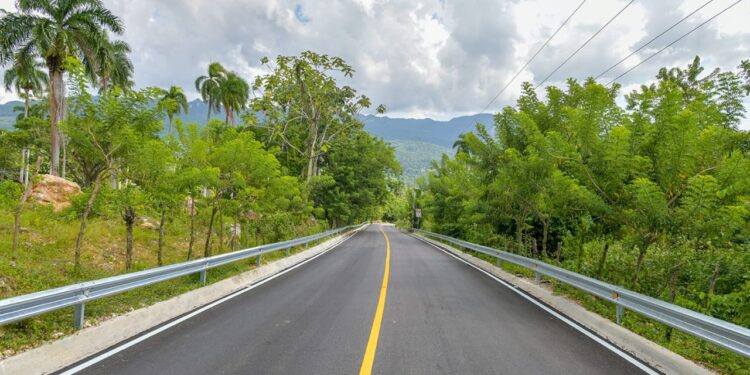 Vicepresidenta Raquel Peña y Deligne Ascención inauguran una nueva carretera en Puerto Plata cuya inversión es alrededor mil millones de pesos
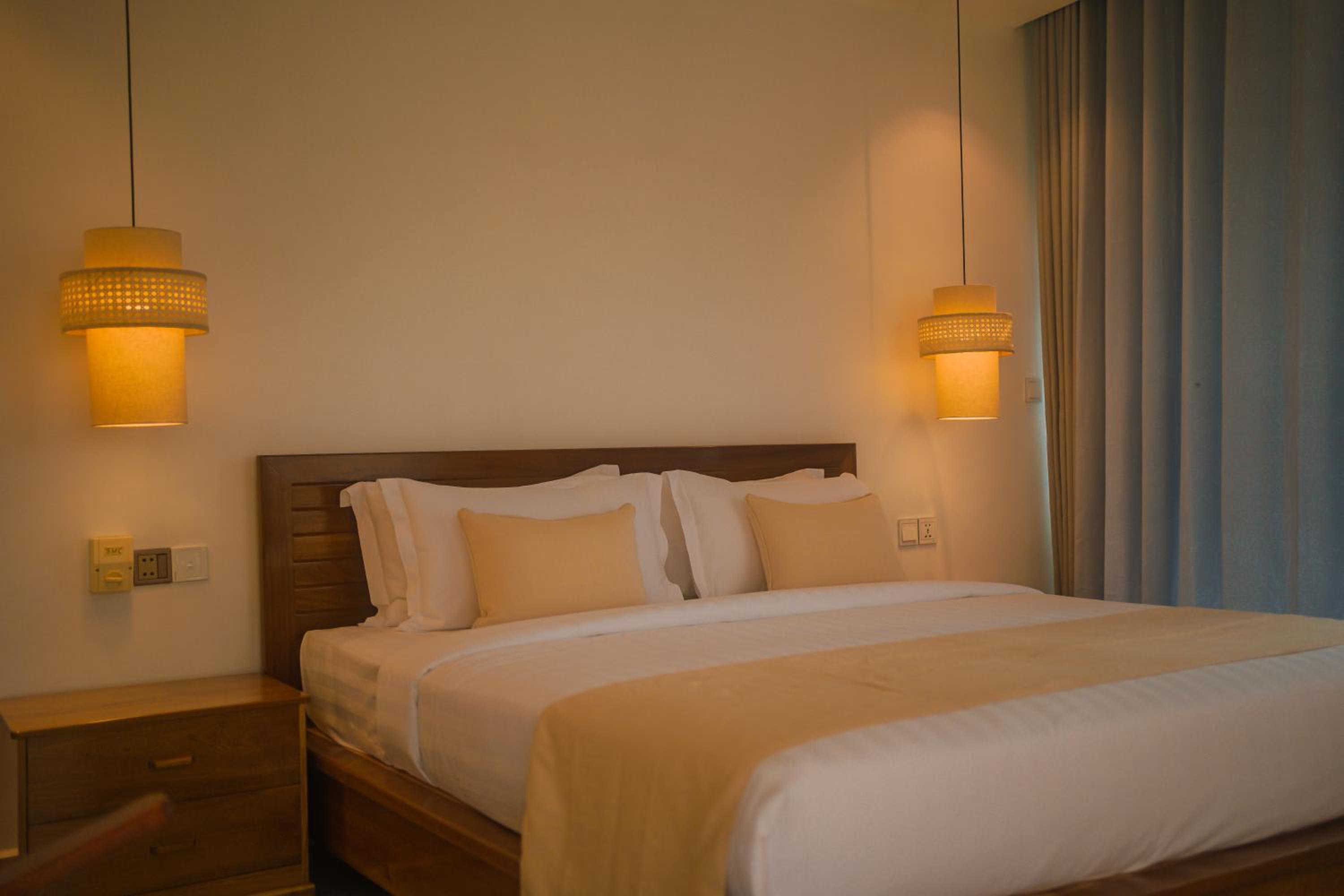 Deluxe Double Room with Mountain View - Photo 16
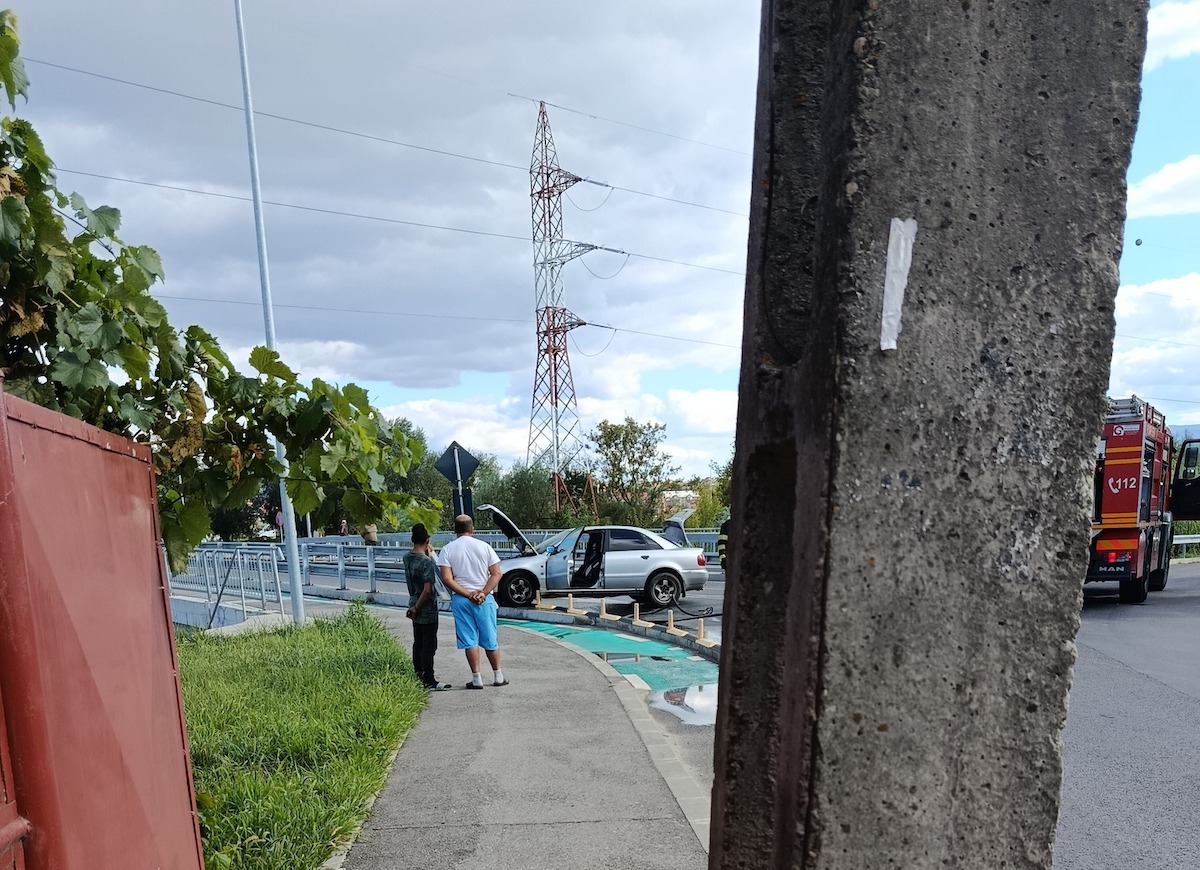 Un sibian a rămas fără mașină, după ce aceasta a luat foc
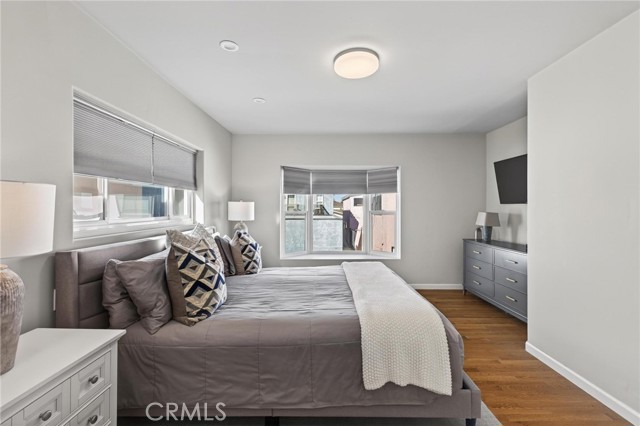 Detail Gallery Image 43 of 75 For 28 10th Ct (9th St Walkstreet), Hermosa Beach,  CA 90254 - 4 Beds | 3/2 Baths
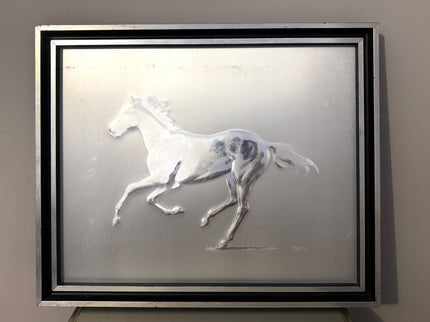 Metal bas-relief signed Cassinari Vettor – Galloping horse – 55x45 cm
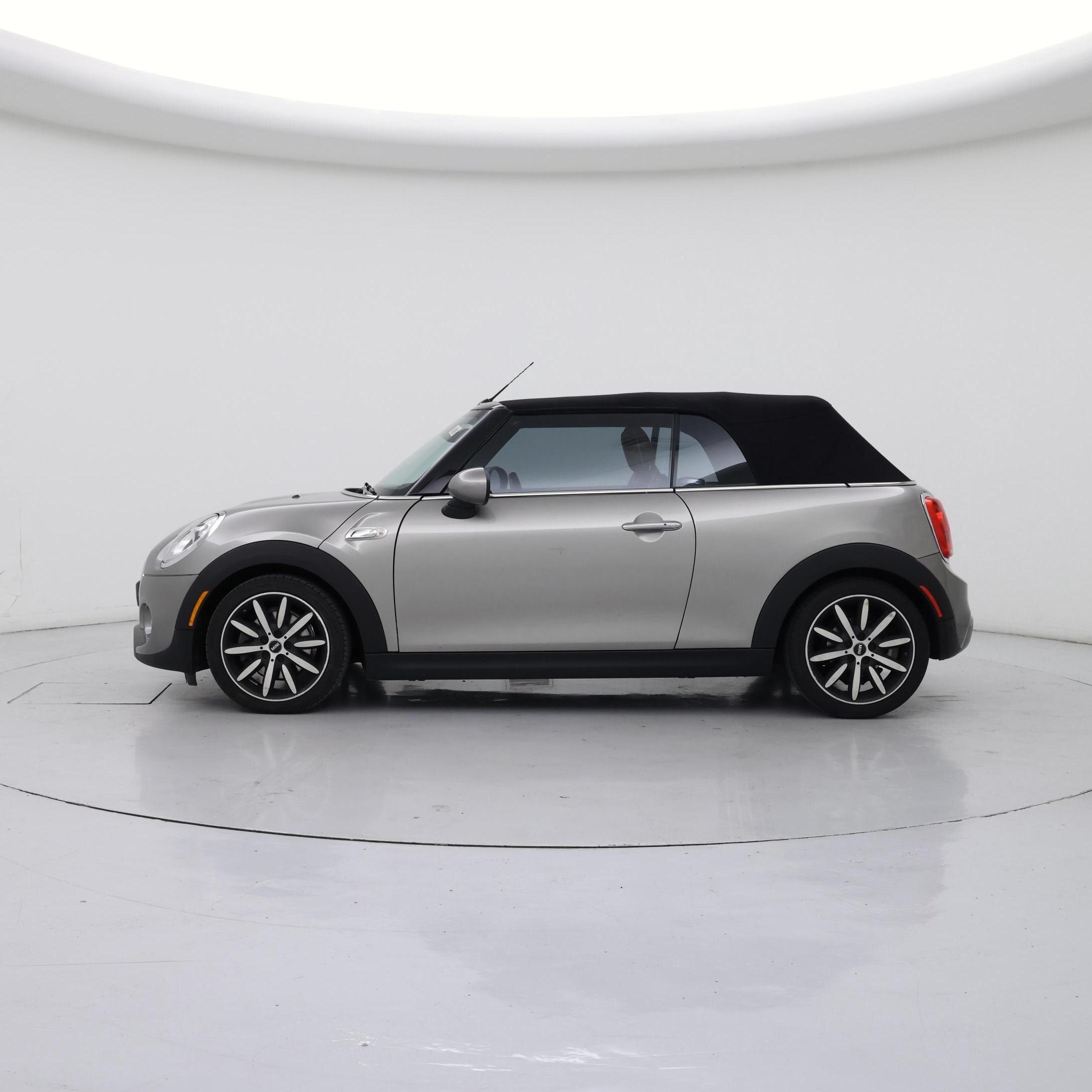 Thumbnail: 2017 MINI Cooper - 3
§
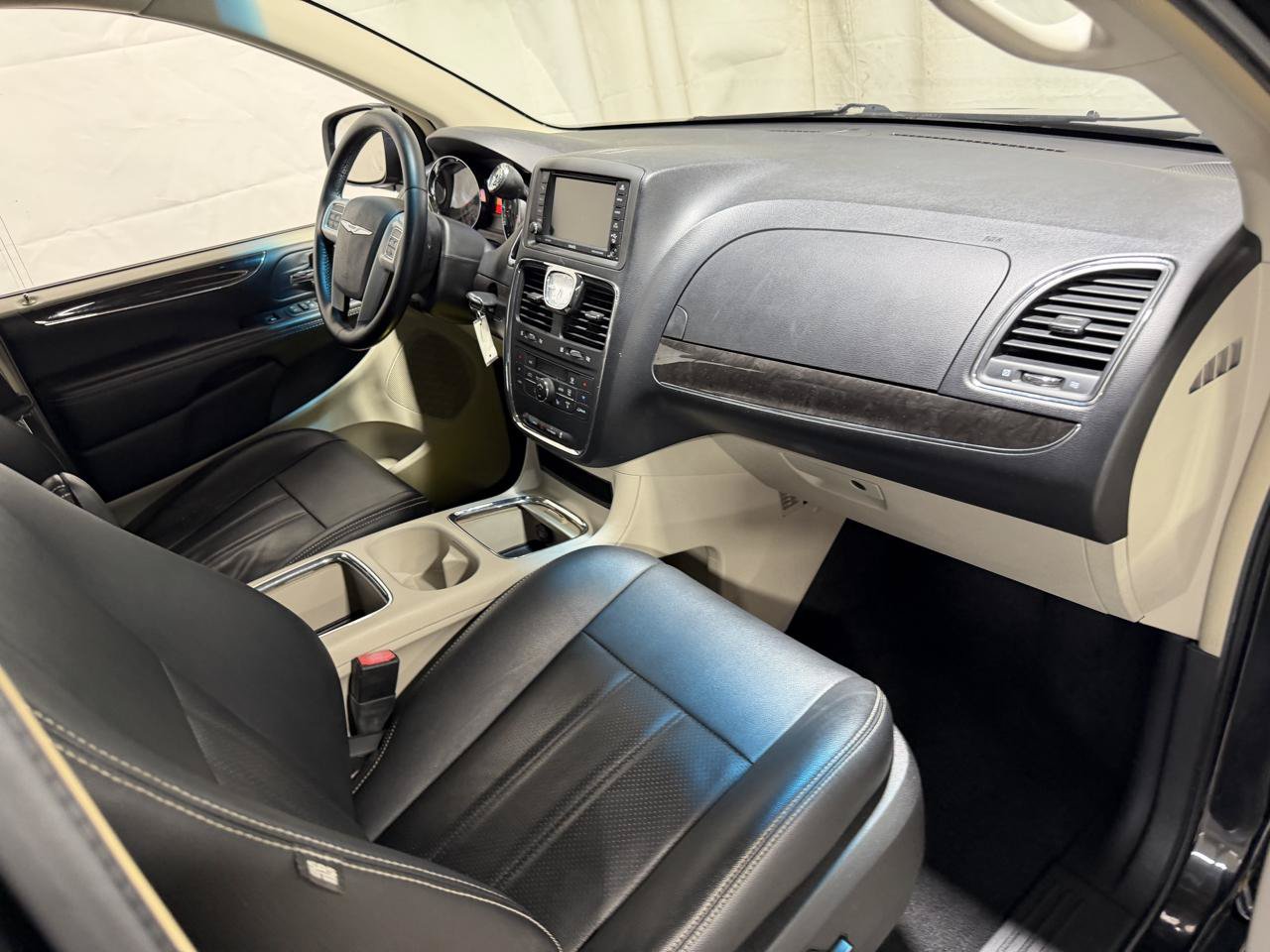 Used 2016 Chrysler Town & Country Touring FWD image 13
§
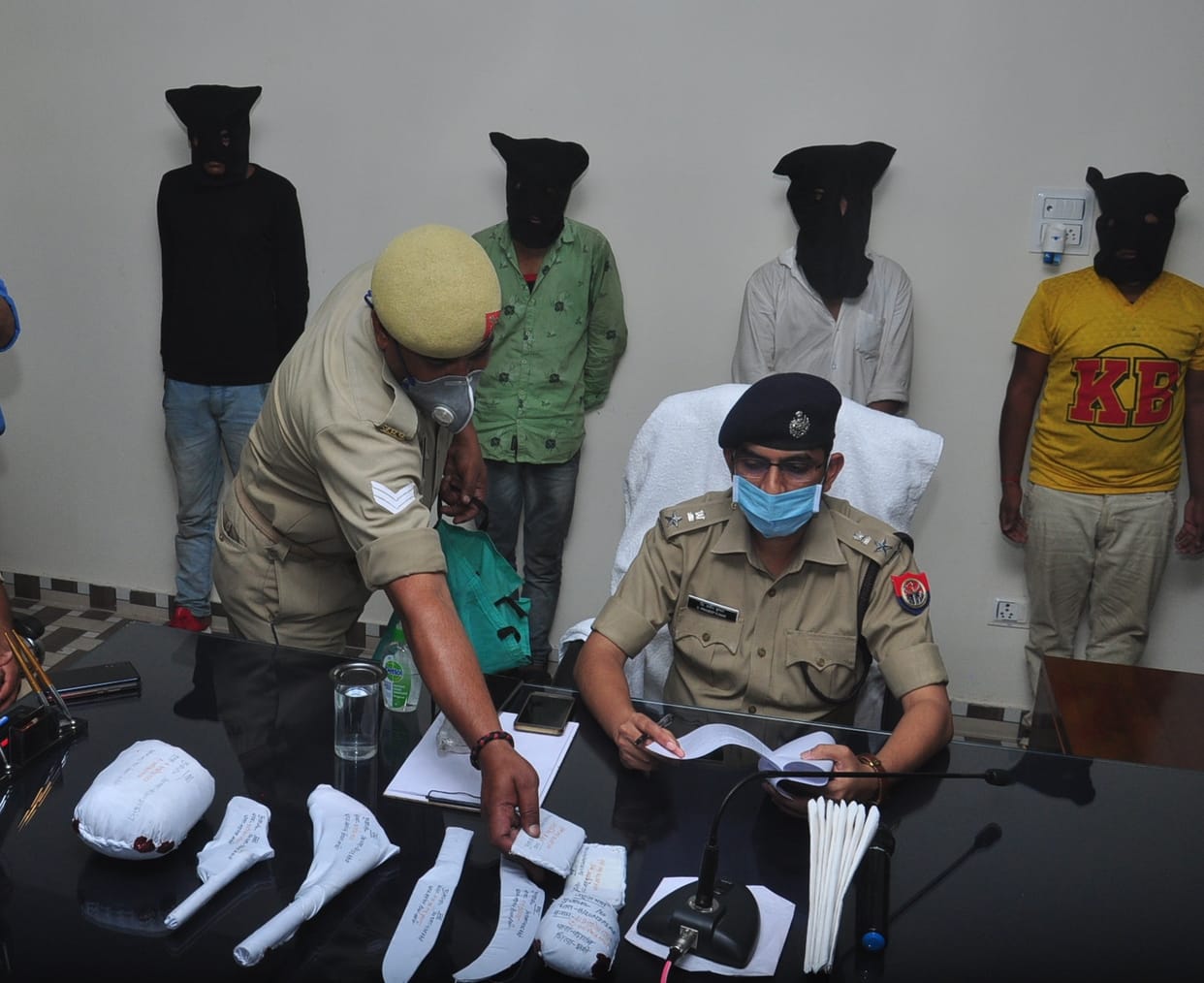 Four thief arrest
§
__Problem description__
Look above and copy only the lines from the one holding "Un sibian a" to the one holding "Thumbnail: 2017 MINI Cooper - 3", both included, exactly, minus the pictures.

__Answer to this problem__
 Un sibian a rămas fără mașină, după ce aceasta a luat foc
 Detail Gallery Image 43 of 75 For 28 10th Ct (9th St Walkstreet), Hermosa Beach,  CA 90254 - 4 Beds | 3/2 Baths
 Metal bas-relief signed Cassinari Vettor – Galloping horse – 55x45 cm
 Thumbnail: 2017 MINI Cooper - 3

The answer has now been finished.